Cosmic seaplanes and self-growing bricks could help us explore other worlds

James Vaughan (Fair Use)

In the golden age of space exploration we live in, cosmic revelations seem to occur more frequently than ever before.

This week, astronomers discovered a rarity: two stars that could one day collide and produce showers of gold.

The possibility of finding celestial wonders such as this one, however, took years of innovation and good old-fashioned elbow grease.

It raises the question of what will be possible in the coming decades. What are the emerging technologies that could provide new ways of studying the universe?

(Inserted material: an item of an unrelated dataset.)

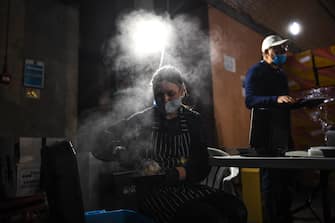 LONDON, ENGLAND - MAY 05: Volunteers wearing masks are seen putting together meals in a kitchen in an underground carpark run by the Hare Krishna on May 5, 2020 in London, England. The Hare Krishna are preparing and distributing meals to vulnerable people and communities across London in light of the Coronavirus pandemic. The country continues quarantine measures intended to curb the spread of Covid-19, but the infection rate is falling, and government officials are discussing the terms under which it would ease the lockdown. (Photo by Peter Summers/Getty Images)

Fortunately for us, innovators are hard at work transforming futuristic science fiction ideas into scientific reality that may one day unlock the final frontier.

The NASA Institute for Advanced Concepts program is known for receiving cutting-edge proposals that could shape the agency’s future missions.

A seaplane-like aircraft that could fly on Saturn’s moon Titan and self-growing bricks to make Martian habitats are among the new concepts recently funded by NASA.

There are also several projects in the works that could sharpen our view of the cosmos, including a massive fluid space telescope, a virtual telescope made of thousands of satellites, and a space observatory dedicated to searching for Earth 2.0.

This year’s Phase I award winners — each granted $175,000 — will spend the next nine months working to prove how feasible their concepts could be.